Il s’agit de la première fois qu’un investisseur canadien est poursuivi pour avoir sous-estimé et omis de divulguer des impacts dangereux liés au climat

Les quatre jeunes qui poursuivent l'Office d'investissement du régime de pensions du Canada. De gauche à droite : Chloe Tse, Rav Singh, Travis Olson et Aliya Hirji.
Les quatre jeunes qui poursuivent l'Office d'investissement du régime de pensions du Canada. De gauche à droite : Chloe Tse, Rav Singh, Travis Olson et Aliya Hirji. Photo : Joshua Best / Avec l'aimable autorisation d'Ecojustice

Un recours d’un nouveau type visant le plus grand gestionnaire de fonds de pension du Canada pourrait établir un précédent pour la façon dont les fonds d’investissement traitent les changements climatiques, estiment des spécialistes.

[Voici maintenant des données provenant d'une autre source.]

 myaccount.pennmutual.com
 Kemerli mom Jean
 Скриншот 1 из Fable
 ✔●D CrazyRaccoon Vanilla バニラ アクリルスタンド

Plus tôt cette semaine, quatre jeunes personnes ont déposé une plainte devant la Cour supérieure de l’Ontario, alléguant qu’Investissements RPC viole son devoir légal en exposant les cotisations du Fonds du RPC à un risque de perte injustifié du fait des changements climatiques.

« Il s’agit vraiment des risques financiers liés aux changements climatiques », déclare Me Karine Peloffy, juriste chez Ecojustice, qui représente les plaignants aux côtés du cabinet Goldblatt Partners LLP.

« Ce n’est pas une question d’être “sympa”, ce n’est pas de la politique, ce n’est pas une question d’apparences. Il s’agit de l’obligation légale réelle de gérer les risques matériels des changements climatiques. »

La plainte soutient qu’en sous-estimant et en omettant de divulguer les impacts dangereux liés au climat, Investissements RPC met en péril les perspectives de retraite des jeunes cotisants. Cela inclut les quatre plaignants, qui ne prévoient pas de prendre leur retraite avant 2050. Cette date coïncide avec celle fixée par de nombreuses entités pour atteindre la carboneutralité — bien qu’Investissements RPC ait abandonné cet objectif en mai 2025.

L’affaire marque la première fois qu’un investisseur canadien est poursuivi pour mauvaise gestion des risques climatiques. À l’échelle mondiale, c’est également la première action en matière climatique contre un gestionnaire de fonds de pension reposant sur le devoir d’impartialité et d’équité dans un contexte intergénérationnel.

Selon l’affaire intentée, Investissements RCP omet d’évaluer adéquatement deux catégories de risques : d’une part, les risques physiques auxquels le portefeuille est exposé et, d’autre part, les risques climatiques. Le litige porte principalement sur la modélisation climatique utilisée par l’institution pour effectuer ses analyses.

Dans son plus récent rapport annuel, le conseil d’Investissements RPC indique avoir eu recours à un outil d’évaluation du risque climatique, désigné sous le nom de MSCI Climate Value-at-Risk model. Selon ce rapport, ce modèle estimait un impact négatif potentiel pouvant atteindre jusqu’à 4 % de la valeur marchande du fonds dans un scénario dit de « planète à effet de serre »(c’est-à-dire correspondant à une hausse des températures supérieure à trois degrés Celsius).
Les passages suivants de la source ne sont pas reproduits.